Chamber Music at Brighton Dome’s Sunday Concerts

From Beethoven to Scottish Folk Music, Brighton Dome’s Coffee Concerts feature a diverse programme played by talent from across the country at Attenborough Centre for the Creative Arts.

The monthly events bring ensembles of award-winning musicians to University of Sussex’s Falmer arts hub with relaxed Sunday morning concerts. The programme, in association with Strings Attached, includes artists new to the series as well as familiar faces, such as Brighton Dome Associate Artists the Heath Quartet.

Through the CAVATINA Chamber Music Trust, there are a limited number of advance free tickets to young people aged 8-25. Brighton Dome is delighted to work with the scheme with the aim to develop the next generation of music lovers. Savings can also be made by buying full or half season tickets, offering the opportunity to enjoy the whole series at the best value.

Mithras Trio came together in 2017 while studying at the Guildhall School of Music and Drama. In the last two years they have won the 67th Royal Over-Seas League Music Competition and the Cavatina Intercollegiate Chamber Music Competition 2019. The piano trio open the series this Autumn on 20 Oct with Mozart, Fauré, Helen Grime and Beethoven.

In 2013 the Heath Quartet became the first ensemble in 15 years to win the prestigious Royal Philharmonic Society’s Young Artists Award and since then have been earning a reputation as one of the most exciting British chamber groups performing today. The group made its Brighton Festival debut in 2010 and have graced the stage of Brighton Dome on numerous occasions.

The Endymion Horn Trio celebrate the group’s 40th anniversary this year. The ensemble was formed in 1979 and have retained most of its original players including some of the best chamber musicians in Europe such as Mark van de Wiel, Melinda Maxwell and founder of the Chineke! Foundation, Chi-chi Nwanoku MBE.

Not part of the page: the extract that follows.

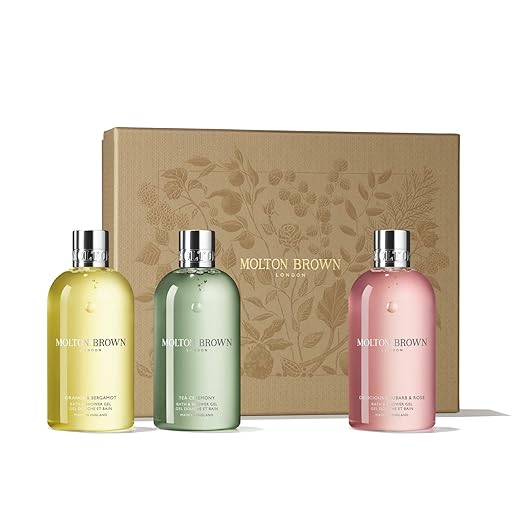 Molton Brown Floral &amp Green Body Wash Gift Set for Women - Trio of 10 fl. oz. Bath &amp Shower Gel Luxury Scented Body Care Beauty Set Mothers Day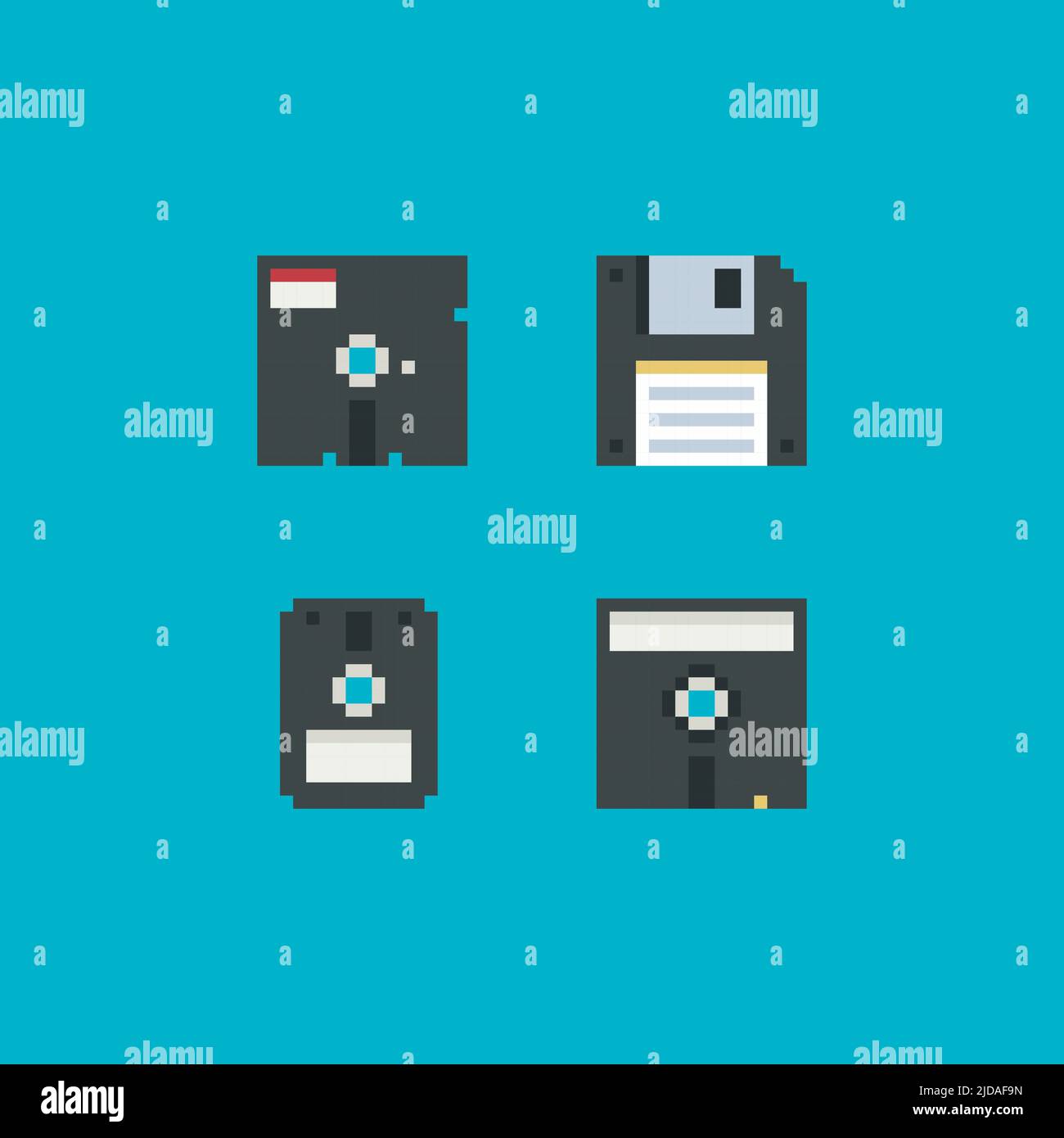 Floppy disk save icon set. Pixel art 8 bit retro. Video game vintage sprite. Isolated vector illustration. Stock Vector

On 23 Feb, Wigmore Hall regulars the Castalian Quartet take to the stage performing Schumann, Janá?ek and Brahms, with their ‘abundant mega talent in works great and small’ (The Arts Desk, 2018). The string quartet look forward to its return to Wigmore Hall for a Brahms and Schumann cycle this season and in 2020 it will give its Carnegie Hall debut.

The Maxwell String Quartet bring a strong connection to their Scottish folk music heritage on 8 Dec. As well as performing live concerts, the award-winning quartet is often featured in BBC Radio 3 and BBC Radio Scotland broadcasts and can be found regularly giving workshops and playing for schools and children.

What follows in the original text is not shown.